As mentioned in Flood (2004), the Aboriginal People were still being characterised as 'unchanging man in an unchanging environment' in the 1920s. Since then evidence has been accumulating, especially from archaeology, that the reverse is actually true. Some features of their culture were indeed conservative, such as some burial practices, such as where men were buried clutching the penis. This has been observed in the 18th century, and has since been found in burials such as at Lake Mungo, where the burial of WLH 3, dated to about 60,000 years ago, had his hands in a position consistent with this practice. But they have adapted to extraordinary climatic changes. At the time of their arrival in central Australia the lakes of the centre were vast stretches of freshwater, the remains of large fish caught in them being found in middens near the lakes. Since then, the lakes dried up, the people, along with the animals, moved away from their dependence on the lakes, shifting to such food sources as grass seeds and the marsupials that had also adapted to life without much standing water.

Aboriginal culture has been shown by archaeological research to have been evolving for at least 50,000, and more probably 60,000 years, to suit the situation they find themselves in at any particular place and time. Whether rainforest or desert, they flourished wherever they went. Rather then being unchanging they have shown themselves to be masters of adaptation. Aboriginal society has the longest continuous cultural history in the world.

The stone constructions for eel harvesting in southwestern Victoria and fish trapping at Brewarrina are examples of engineering practised by Aboriginal people. These constructions demonstrate they had the ability and the knowledge of their environment and the animals they hunted to plan and successfully build large scale permanent structures where the environment was reliable enough to make the work required worth while in the long term, and where there was a need, as in the case of the Brewarrina fish traps, to catch large numbers of fish when they were available in times of drought.

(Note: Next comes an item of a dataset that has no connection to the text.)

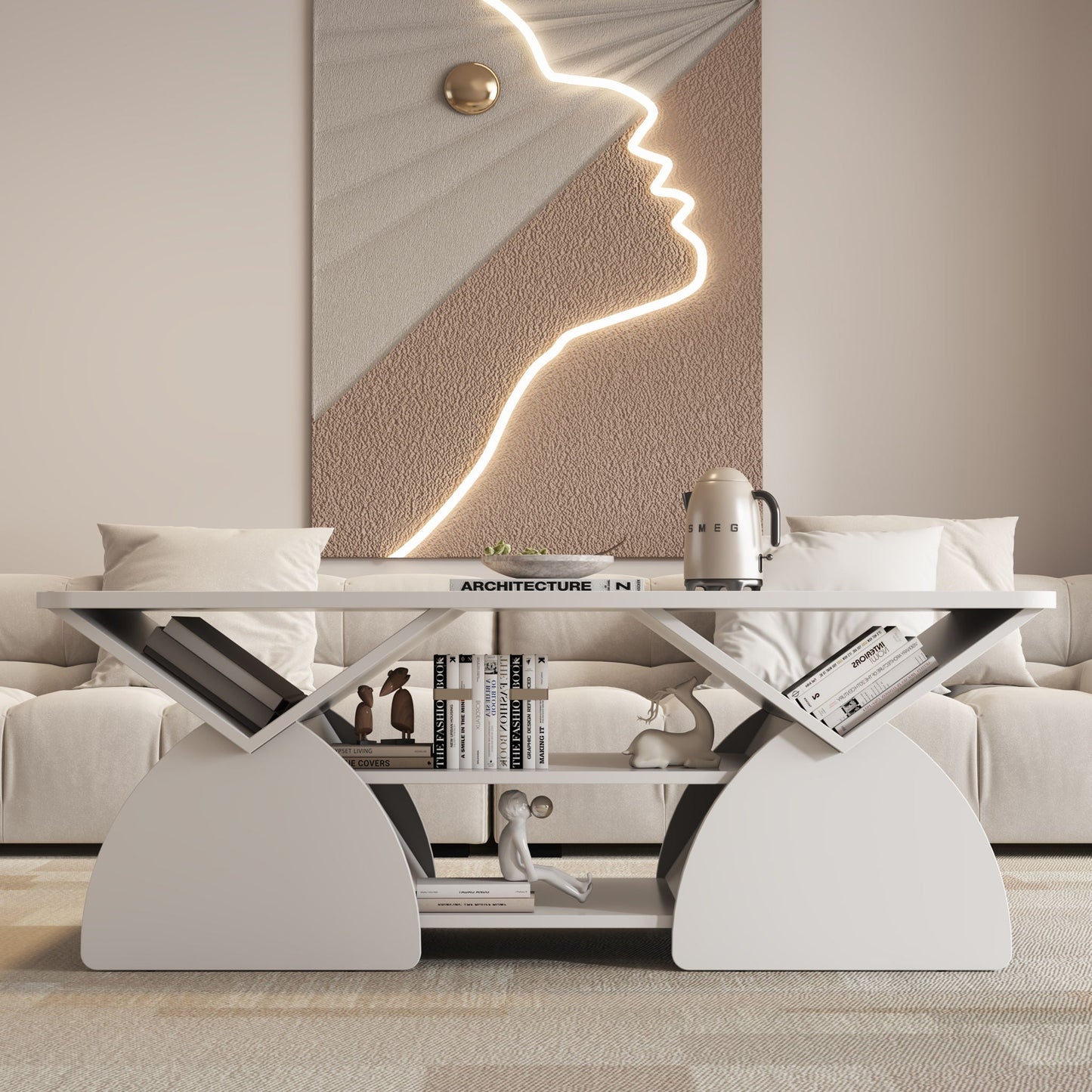 Geometric Engineered Coffee Table with Rounded Corners and Open Shelves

The processes used for preserving eels demonstrates they knew how to preserve food when required. With regards to activities such engineering structures, mining, quarrying, permanent or semipermanent huts, when the conditions permitted, where they could they did.

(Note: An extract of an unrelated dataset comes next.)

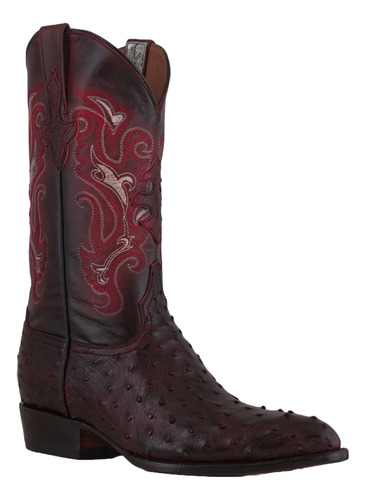 Botas Avestruz Black Cherry Negro Cereza Piel Exotica Piton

Present-day research has found 16 refuge sites occupied by red kangaroos during drought, 10 of which were sacred sites associated with Ara, the red kangaroo from the Dreamtime. Among the Aboriginal People, hunting was prohibited in these sacred sites, and for some distance around them.  Conservation being practised many thousands of years before the word existed, also a clue to how these "primitive" people survived, sustainably, on the driest vegetated continent on earth. These sacred sites would now be called a network of conservation reserves in prime habitat. Further evidence that rather than being unchanging people they had adapted extremely well to the very harsh conditions of central Australia.

Some features of Aboriginal society that were unknown at the time of European colonisation were a sophisticated religion, complex social organisation, art, and a knowledge of astronomy. Some that were observed and commented upon in journals by a number of early colonists, such as agriculture, aquiculture, mining of ochre and stone, engineering (see Brewarrina fish traps) and the building of semi-permanent or permanent huts in small villages in places where the climate and food supply were reliable enough to sustain such settlements was not widely known or ignored. The complexity of the religion, mythology and ritual was at an even higher level than first appears, because of a deeper level of symbolism and meaning known only to fully initiated men. In the most sacred rituals carried out by the fully initiated men, song, rather than narrative, is the medium used to tell the stories. Key words or references were used, instead of full descriptions. Any man that was not fully initiated, or women and children, would not appreciate the full meaning even if they overheard the songs, as the associations of each word must be known to fully understand the story being told. In northeastern Arnhem Land a word used in everyday speech can have several sacred equivalents with slightly differing meanings, as well as a further series of  'singing' words'. see Aboriginal Mythology.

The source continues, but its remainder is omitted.